I was very happy with the way the chair turned out. The light cherry stain was definitely the perfect color to offset the dark color of the needlepoint. A nice foam padding finished off the seat so that the chair is as comfortable as it is pretty.

I chose cherry stain to keep the color light which I felt complimented the lovely needlepoint seat that my customer made just for this seat. This was the third seat such as this that I had made for this same customer. The other two were benches. She is making a needlepoint seat for each of her grandchildren. She makes the needlepoint then finds the chair or bench which is the right size for the needlepoint. So far she’s been pretty lucky! 

To see one the previous needlepoint benches I made for this customer, check out the link below. Unfortunately, I don’t have a photo of the other one, but it had a blue background with a black bench.

https://www.blogger.com/blog/post/edit/5936537173467203420/24816612440806533 


Thursday, March 10, 2022

1940’s Night Stand Restoration/Revival

Night Stand After
 
Night Stand Before

Some furniture has a lot more wear than others, therefore those most used could be in dire need of restoration and refinishing. Such is the case with this 1940’s night stand. It was made of solid mahogany, no veneer, which is a sign of a well-made piece of furniture. 

Most of the furniture we refinish has veneer. Sometimes it’s in great condition, other times it can be chipped a little bit or in major need of replacement. Not having veneer made this night stand much better to work on. It had definitely seen lots of use, especially the top, which was worn and scratched. 

It looked like someone tried to remove the finish on the left side of the top at some point in time, but never followed through with the rest of it. Not uncommon for someone to begin the stripping process and stop before getting too far into it once they realize that it’s a lot more difficult than they had originally planned. Using the right stripper is only part of the refinishing process. We always say, “if it doesn’t burn your skin, it’s not strong enough.” That sounds crazy, but it’s true. A good stripper is an essential part of furniture refinishing and restoration as it’s the first step before anything else can be done. 

Night Stand Drawer After
Night Stand Drawer Before

This night stand took me four days to strip from start to finish.

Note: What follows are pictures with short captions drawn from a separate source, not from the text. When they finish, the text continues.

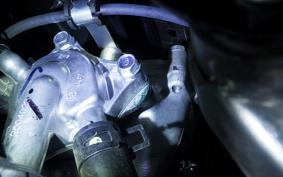 HONDA GIORNO 3 2009 AF77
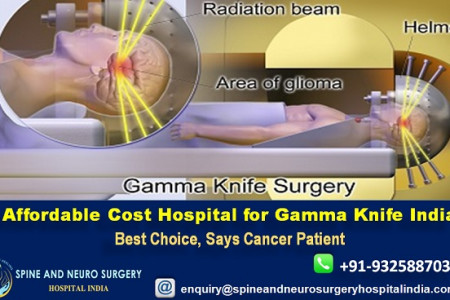 Affordable Cost Hospital for Gamma Knife India Best Choice, Says Cancer Patient Infographic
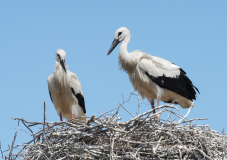 0038-LAVELLE-Frederic-Cigognes_1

Although the legs were Queen Anne style instead of spindles, they were still challenging to strip because they are curved. 

The tools we use to strip are straight, such as a putty knife and carving tools, so stripping a curved part of furniture takes a longer time than a straight section. And of course all the old finish must be removed or it’s impossible to sand and stain it. It’s all part of the process. The better the prep, the better the results. 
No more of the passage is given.